Digg founder Kevin Rose has announced the availability of the long
anticipated Recommendation Engine, putting paid to speculation that it
was all a myth. The feature will start rolling out to registered users
this week on a random basis. As soon as a red beta flag appears on the
upcoming stories tab, the Recommendation Engine is active for your account.
Why do you need any such thing? Well that should
be obvious to anyone who has used Digg in anger any time during the
last couple of years. With 16,000 new stories being tagged every day on
average, it is pretty much impossible to keep up with them all let alone keep on top of the quality ones.

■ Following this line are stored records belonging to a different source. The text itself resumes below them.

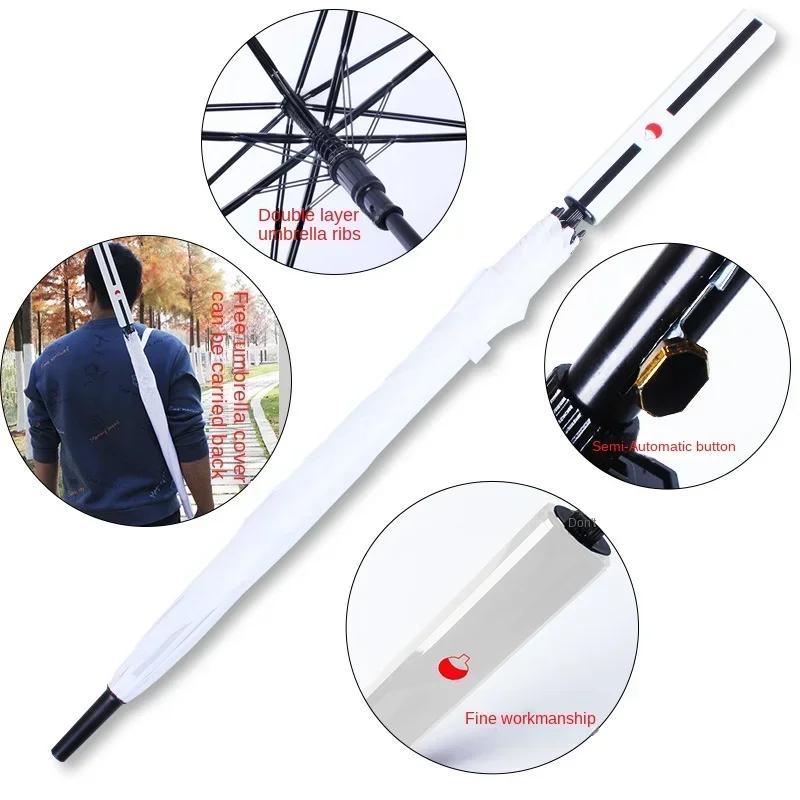 8 Bones Anime Umbrella with Long Handle Windproof Samurai Sword Japanese Ninja-like Sun Rain Straight Beach Umbrella for Gifts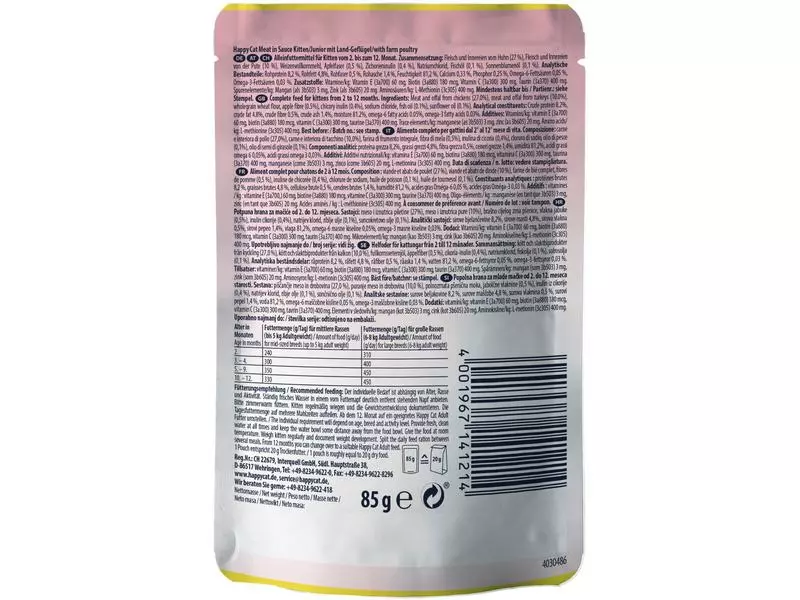 Happy Cat Nassfutter Meat in Sauce Kitten & Junior Geflügel, 24 x 85 g 5 Happy Cat Nassfutter Meat in Sauce Kitten & Junior Geflügel, 24 x 85 g – Bild 3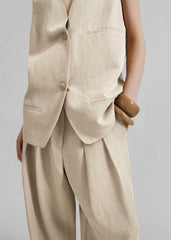 Melrose Linen Vest - Cement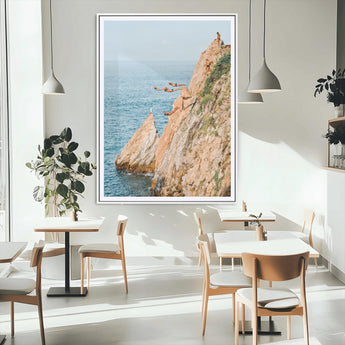 13614237-MGV-CV-24X36-Cliff Diving Wall Art – Panoramic Ocean Jump Canvas Print, Extreme Sports Adventure Decor for Living Room, Office, Bedroom, Man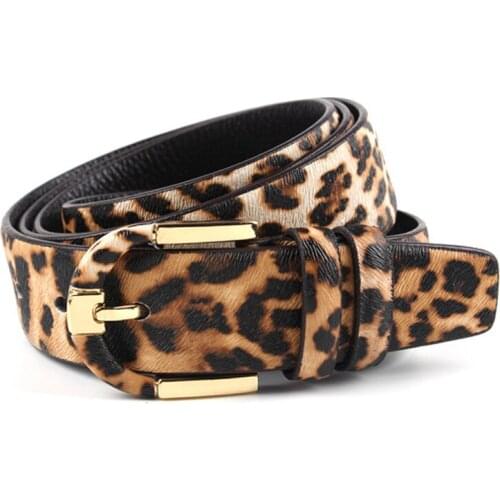 Fashiion Leopard Print Women Genuine Leather Belts For Women Jeans Plus Size Sexy Belts with Gold Buckle Female Belt Waist Strap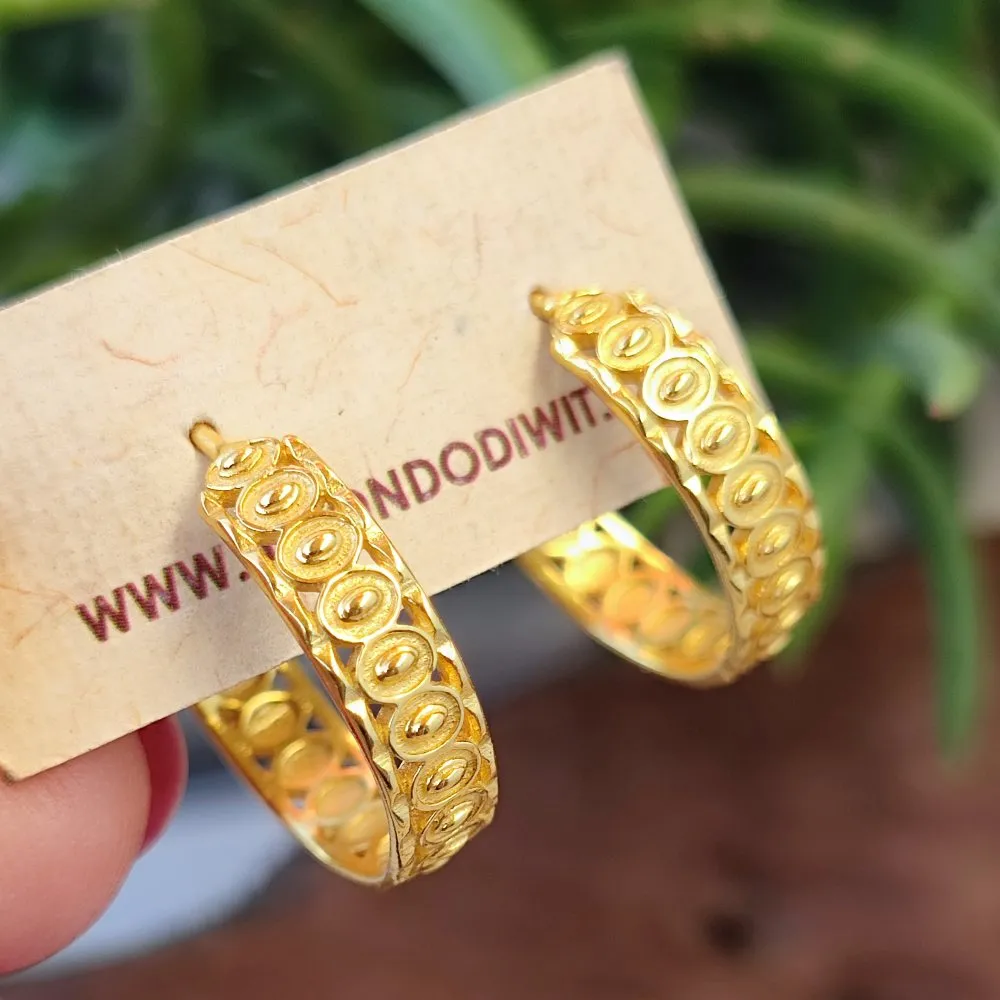 925 Silver Gold Hoop Earrings - SUHIDI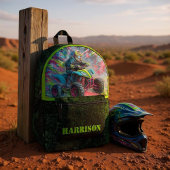 Sac À Dos Imprimé Quad Moto Cool Grunge Vert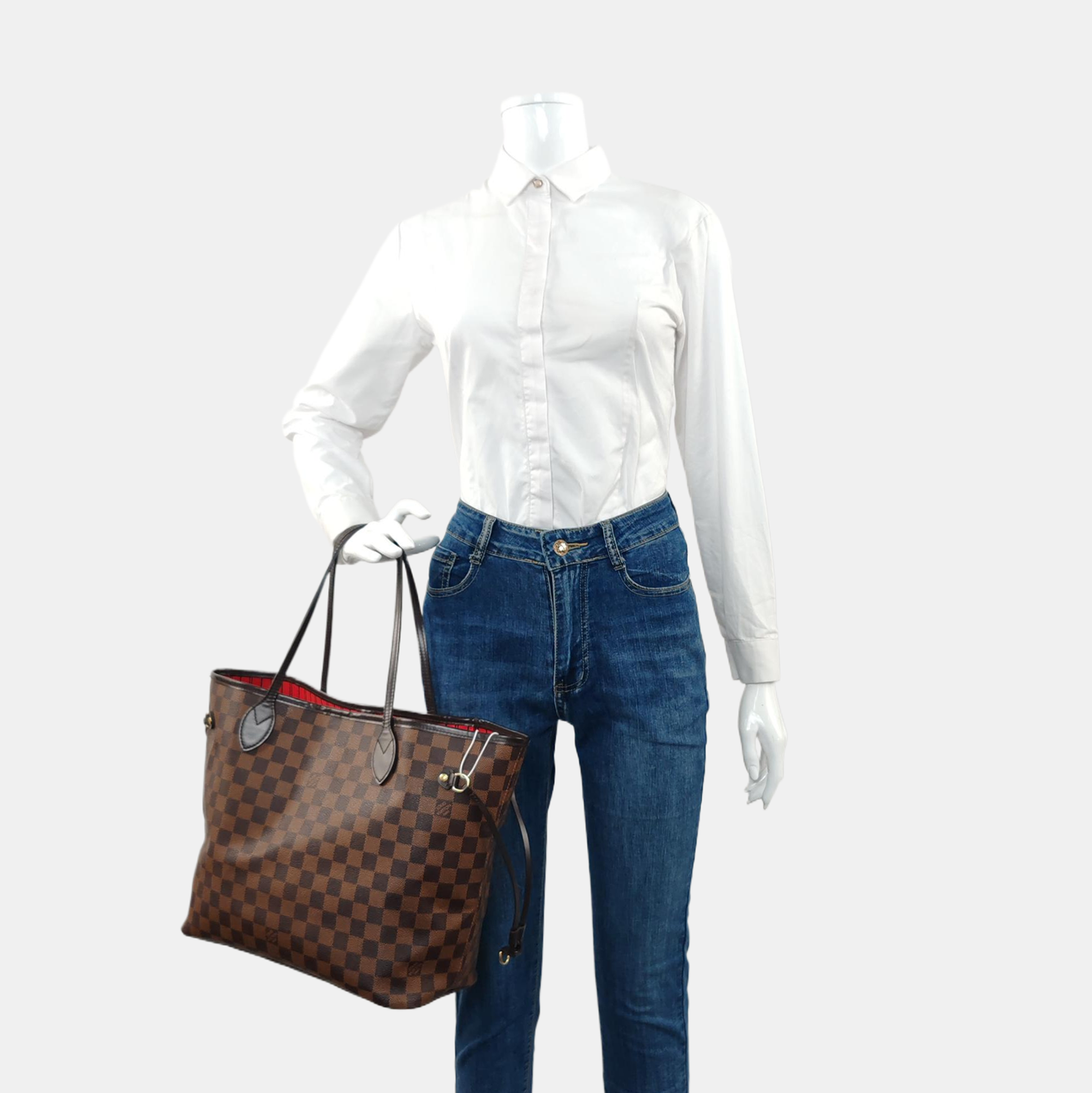 NEVERFULL MM Damier Ebene Coated Canvas Brown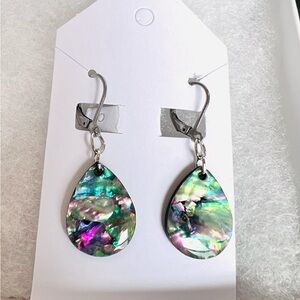 Vibrant Abalone Teardrop Earrings with Silver Hooks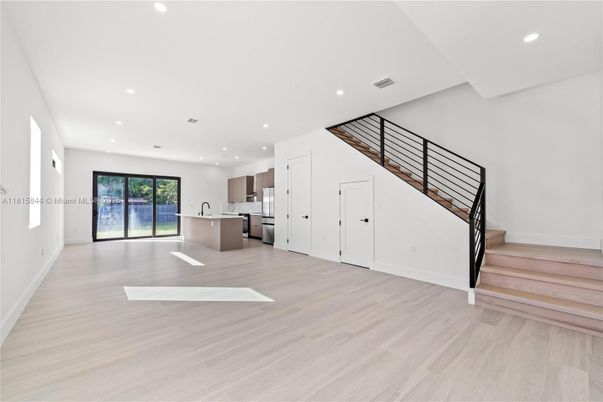 Interior, Kitchen, Recessed Lighting, Wood Texture Flooring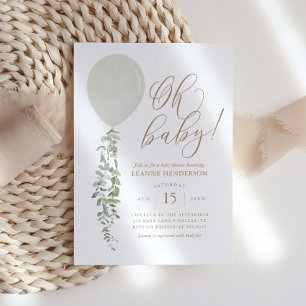 Invitation Oh Baby Sage Balloon Vert Baby shower Eucalyptus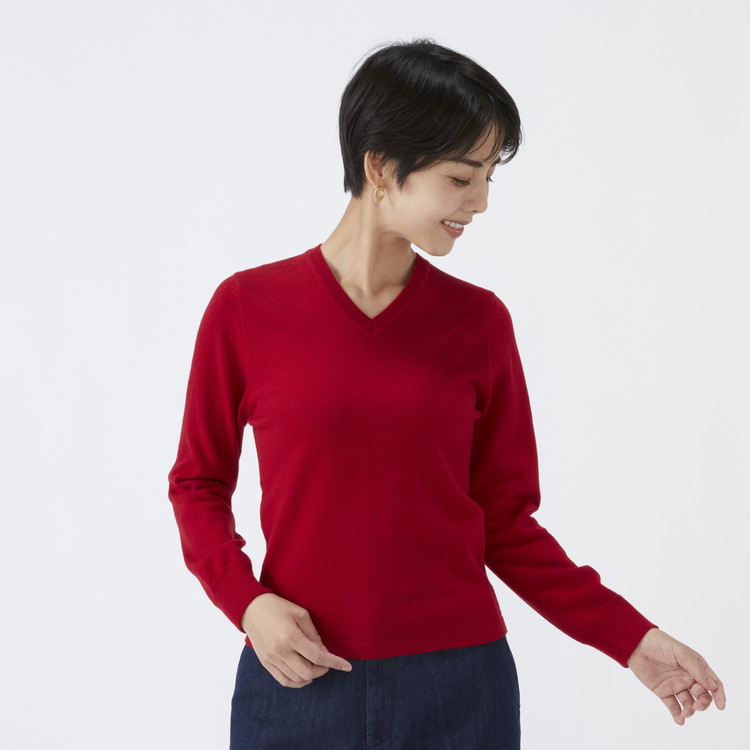 日本製 カシミヤ100% レディース Vネック レッド
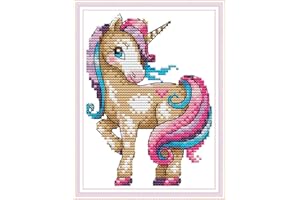 Joy Sunday Kit per Ricamo a Punto Croce con Disegno Stampato, Completo di Filo e Ago - Ideale per Bambini e Principianti-Unicorno Magico 18 Cm X 22 Cm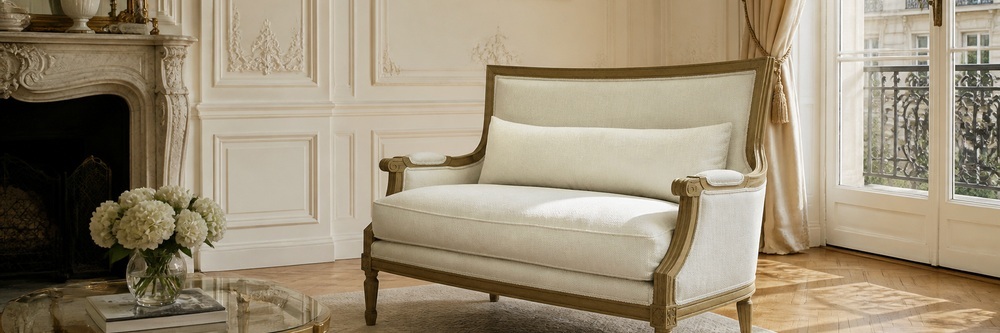 French Neoclassical Solid Wood Upholstered Loveseat, 2-Seater LG-5008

Sure, there are numerous ways to filter the stories that appear on
Digg, from the 'most popular' option to broad subject flagging. The
trouble really starts, however, when you want to see what is new and
interesting rather than just the latter.
For this most people will head for the Upcoming stories section, and
that's where you will be confronted by recommendations by the bucket
full. Which is where the Recommendation Engine comes in, to
intelligently filter this vast pool of new stuff for you.
It does this by making use of the information that you have already
given it. Namely, the stories that you have already Dugg yourself. This
tells the Recommendation Engine a couple of things as Anton Kast,
Digg's Lead Scientist, says "that you recommend the story to other
users and, less obviously, that the users who Dugg the story before you are good at finding content."